Thursday, December 30, 2010

Hard and Soft: The American


I missed The American when it was in theaters. A shame, because I happened to be working near the Ziegfeld at the time, and I kept meaning to head over there after work – but I also kept hearing about how slow and deliberate and meditative it was, and it seemed fairly certain that I would fall asleep if I went. So I kept waiting for the right moment. And then it was gone. 

In truth, I didn’t have high hopes for the film, either. I liked Anton Corbijn’s Control well enough, but found it a trifle overrated at the time. And I pretty much reached my threshold on forlorn-assassin movies long ago.  Also, someone said it was a movie about George Clooney assembling a gun for two hours while occasionally sleeping with a prostitute, and that didn’t seem like something that couldn’t wait. 

Needless to say, I’m now kicking myself (especially for missing it at the Ziegfeld), because I finally did see The American (which just debuted on DVD and Blu-ray) several weeks ago, and I’m finding it hard to shake. The funny thing is, it is most definitely a movie about George Clooney assembling a gun for two hours while occasionally sleeping with a prostitute -- even more so than it may seem. 

It’s a compromised work, to be sure – whenever an action scene (and I use the term loosely) pops up, the film seems to lose its bearings. But when it actually does focus on the prostitute-bedding and the gun-assembling, it becomes something amazingly plastic and beautiful – a film about texture, taking the very notion of tension and reducing it to its…fundamentals doesn’t seem like the right word…reducing it to an almost atomic level. 

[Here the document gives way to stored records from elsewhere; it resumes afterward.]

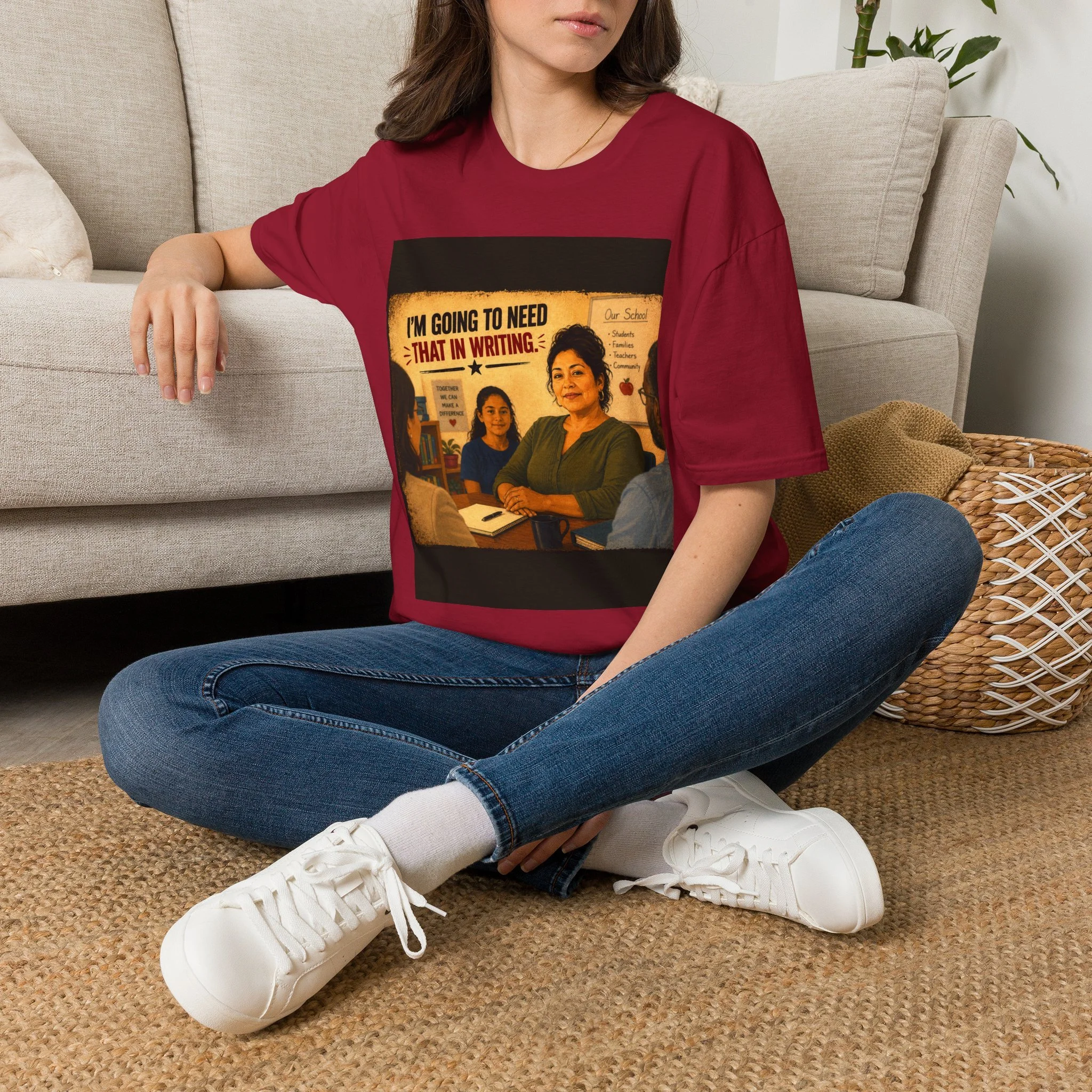 I'm Going To Need That In Writing T-Shirt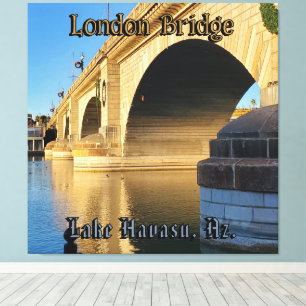Toile London Bridge Lake Havasu, Az.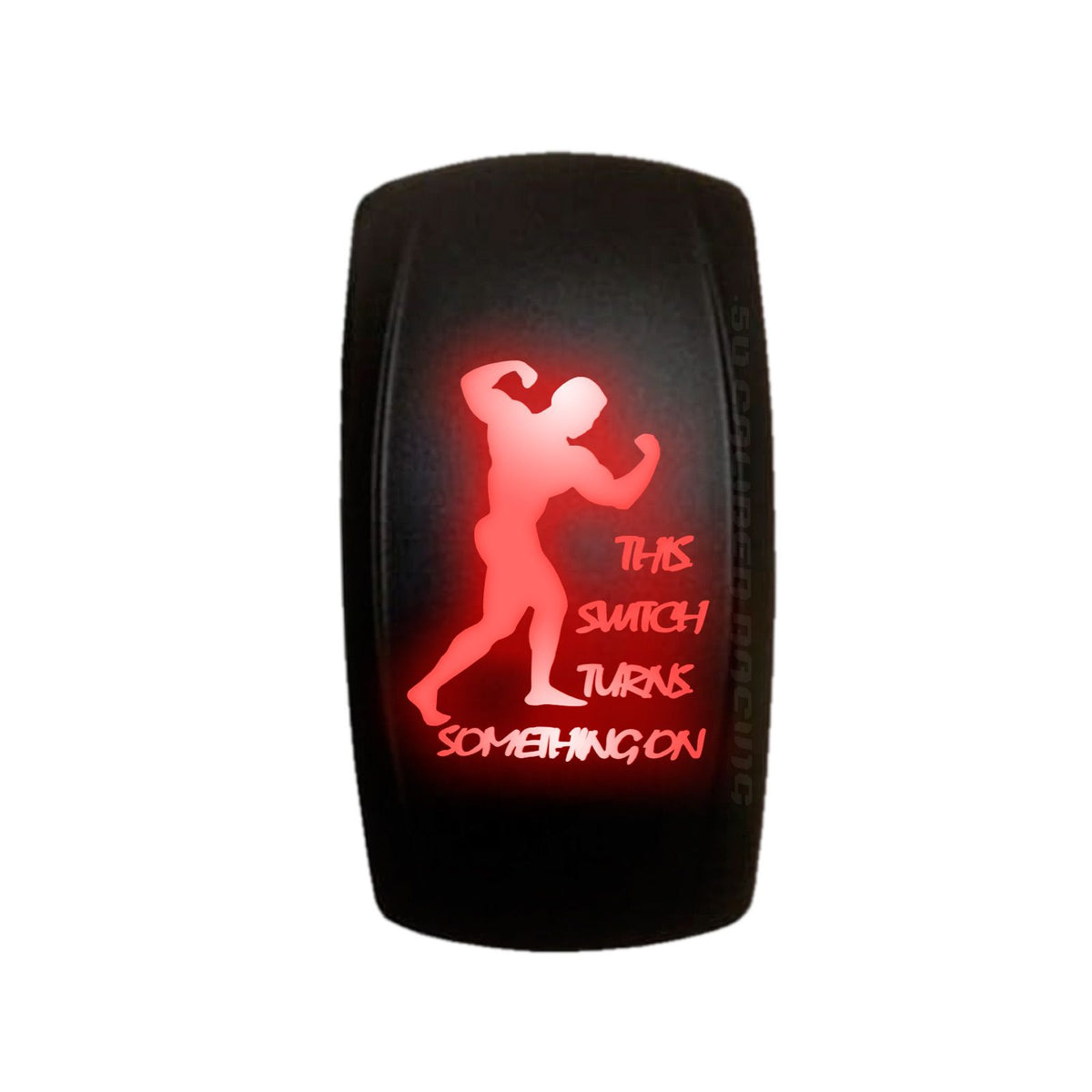 Red | "This Switch Turns Something On" Strongman On/Off Rocker Switch Waterproof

I suppose I shouldn’t be surprised that a photographer made this film, for it consists almost entirely of surfaces, but in the best possible way.  Corbijn sets the hard edges of the guns and the machines in the film (there’s also some business about fixing a car, and lots of shots of tools) against the soft curves of his (often naked) women. And, of course, that’s what the narrative is ostensibly about, too, as Clooney’s character finds himself increasingly drawn towards the character of Clara (Violante Placido – which btw would have made a great title for this movie) while dealing with the whole One Last Job situation. That the person he’s building the gun for is also a woman, a lovely female assassin played by Thekla Reuten, seems somehow strangely appropriate. Clooney’s character comes from a world where even the women are hard and murderous. He wants to escape and live in a world of soft edges.   

How on Earth did they get away with this thing? On the level of plot, this is some remarkably unoriginal stuff – so much so that even Clooney’s star power doesn’t seem like it would be enough to get the film made (it certainly wasn’t enough to keep the film alive at the box office). But visually this thing is a wonder, a lush abstraction of the most basic kind of movie plot. As such, it’s also one of the most striking and (ahem) underseen films of the year.